Titane : le film trash (et vain) qui secoue Cannes

·Journaliste ciné
·2 min de lecture
Copyright : Carole Bethuel / Diaphana
Copyright : Carole Bethuel / Diaphana

Le second film de Julia Ducournau, la réalisatrice de Grave, était annoncé comme le choc possible du Festival de Cannes où il a été présenté en compétition. Mais derrière l’ultraviolence, le sexe et la culture freaks de ce film déjà en salles (et interdit aux moins de 16 ans), rien ne se passe.

Une histoire d’amour et de carrosserie

Gamine, Alexia a eu un accident de voiture : une plaque de titane a été greffée dans son cerveau. Elle en ressort un brin perturbée : devenue adulte, elle se frotte sur des bagnoles lors d’expositions automobiles, devient serial-killeuse, et fait l’amour à un levier de vitesse (au sens propre). Résultat : elle tombe enceinte de sa bagnole (oui oui) et, recherchée par les autorités, trouve refuge chez un pompier en se faisant passer pour son fils disparu.

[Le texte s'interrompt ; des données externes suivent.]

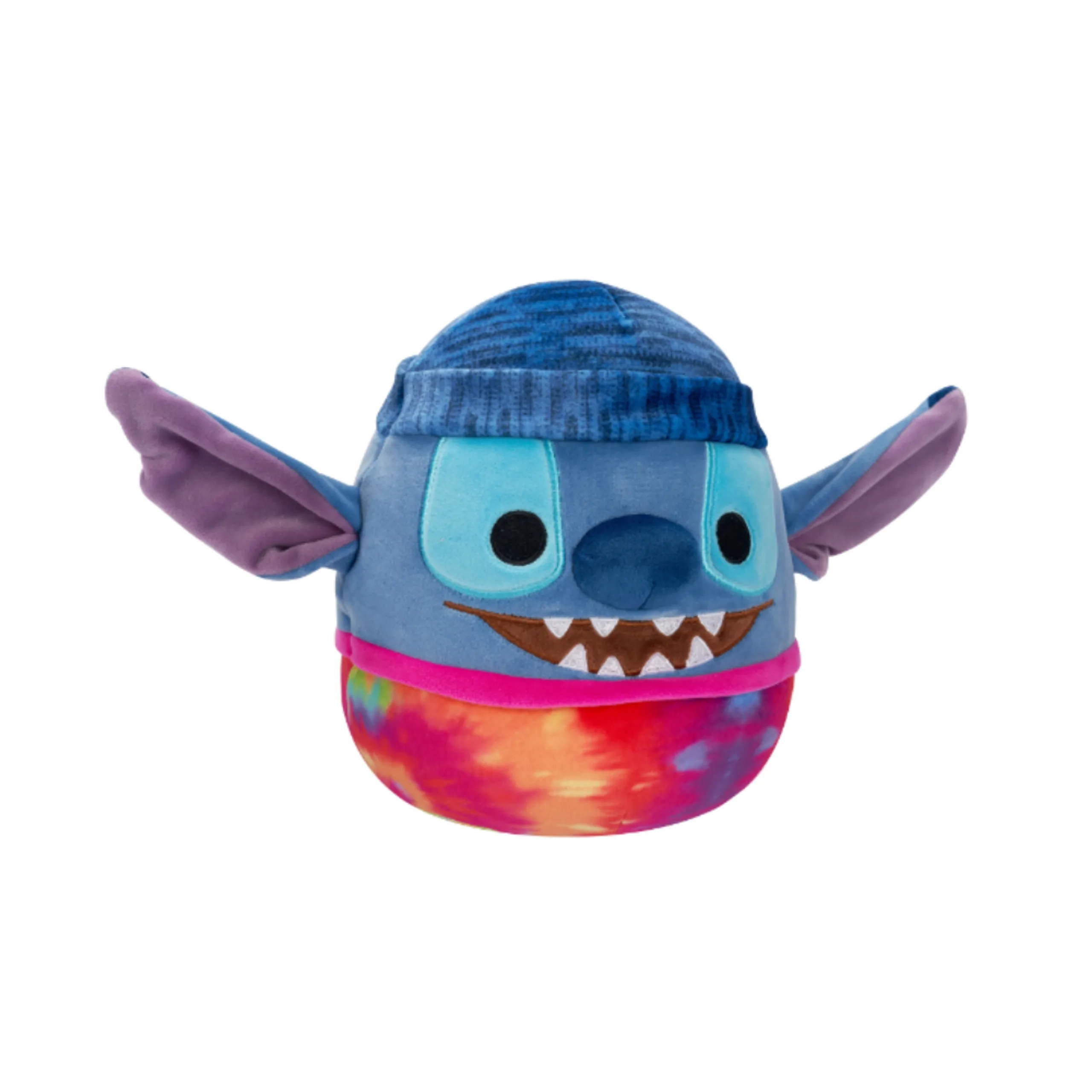 Disney Stitch 20.32 cm Tie Dye Plush
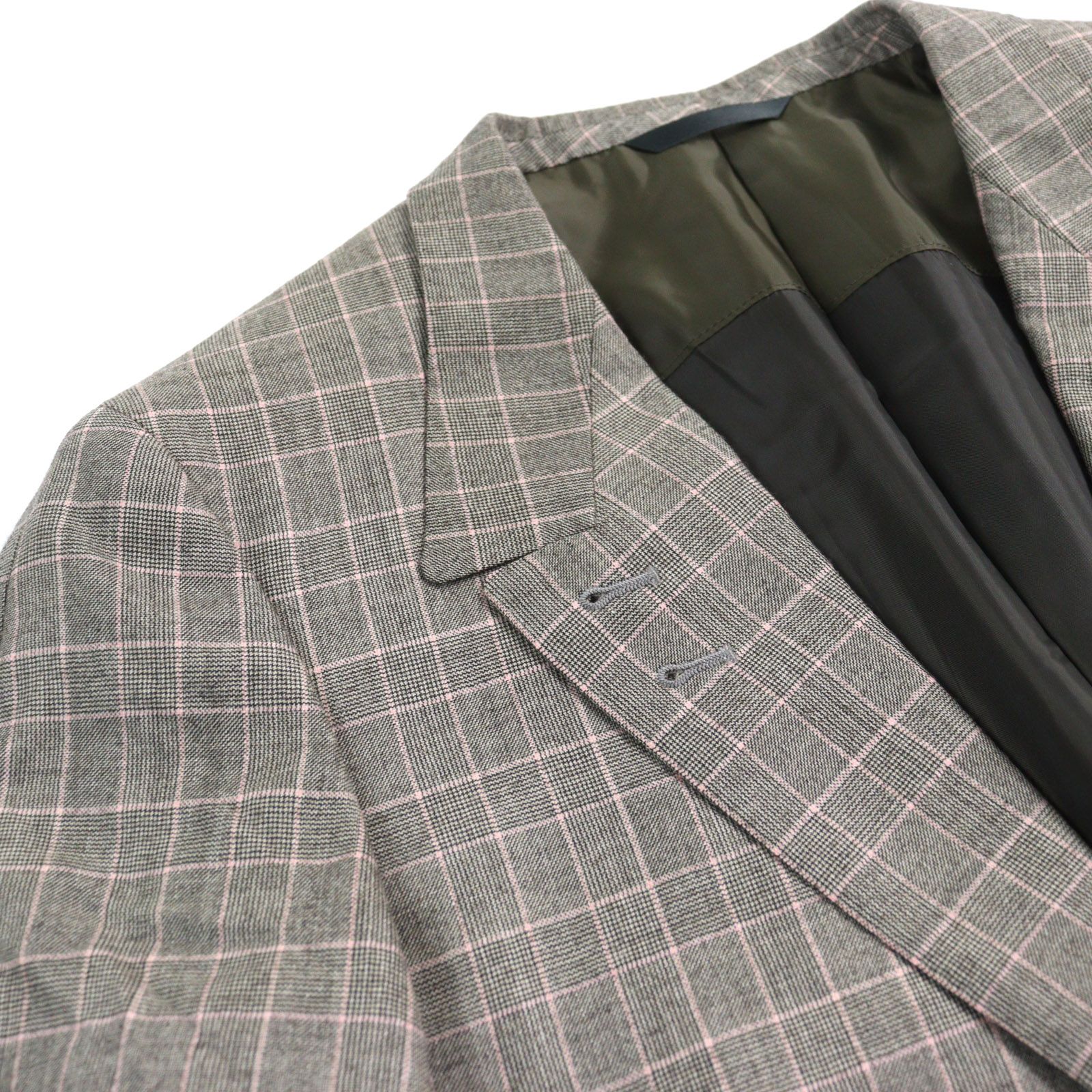 最高級 PS Paul Smith セットアップスーツ 裏コインイラスト総柄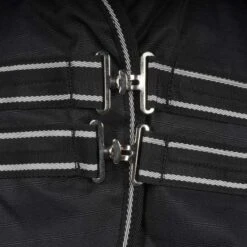 HKM High Neck Decke Innsbruck 200g Schwarz -Waldhausen Verkäufe 2024 agradi 44670225 1.1e72a1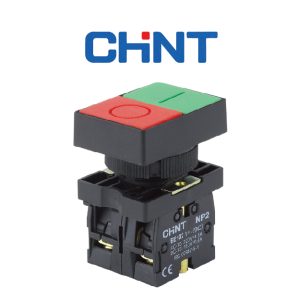 PULSADOR DOS TECLAS NP2-EL8325 CHINT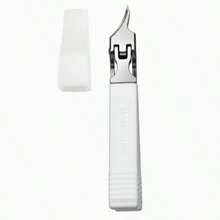 Super Pointed Woodpecker Nail Clipper, Oblique Mouth Stainless Steel Large Opening Nail Clipper, Nail Groove Clipper For Home Manicure - Nail Clippers - View 4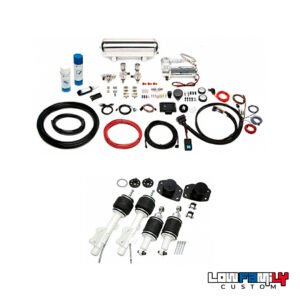 Gestion complète TA Technix + suspension Chevrolet Camaro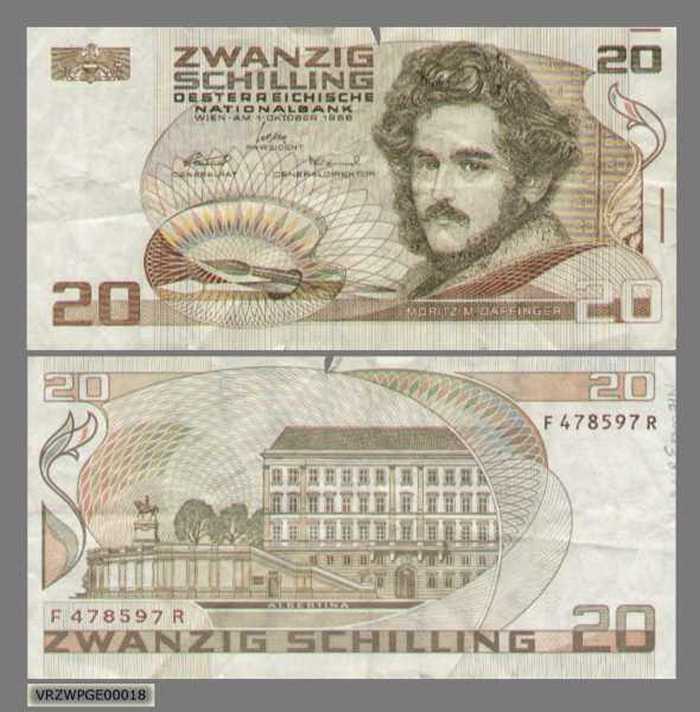 Zwanzig schilling (Oostenrijk)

Torture, mutilation et massacres

La première partie du film est un véritable défouloir destiné à nous faire comprendre, sans subtilité aucune, combien le corps de la femme subit de violences et d’injonctions et combien elle doit en reprendre possession. Un enjeu essentiel mais l’artillerie déployée est bien trop lourde pour convaincre. Pompant joyeusement David Cronenberg et John Carpenter (Crash et Christine par exemple), Julia Ducournau enfile les scènes embarrassantes, gratuites et malaisantes : son héroïne, enceinte, s’enfonce longuement une baguette à cheveux dans l’utérus pour provoquer une fausse couche, s’explose volontairement le nez contre un lavabo, tue un mec en lui enfonçant un pied de tabouret dans la gorge (référence phallique bien sur et critique de la domination masculine), presse ses seins pour faire couler le sang maternel (couleur mazout, comme celui qui s’échappe de son entrejambe)… L’expérience est franchement désagréable à regarder et s’approche davantage de l’esbroufe et de l’épate-bourgeois qu’au discours politico-féministe.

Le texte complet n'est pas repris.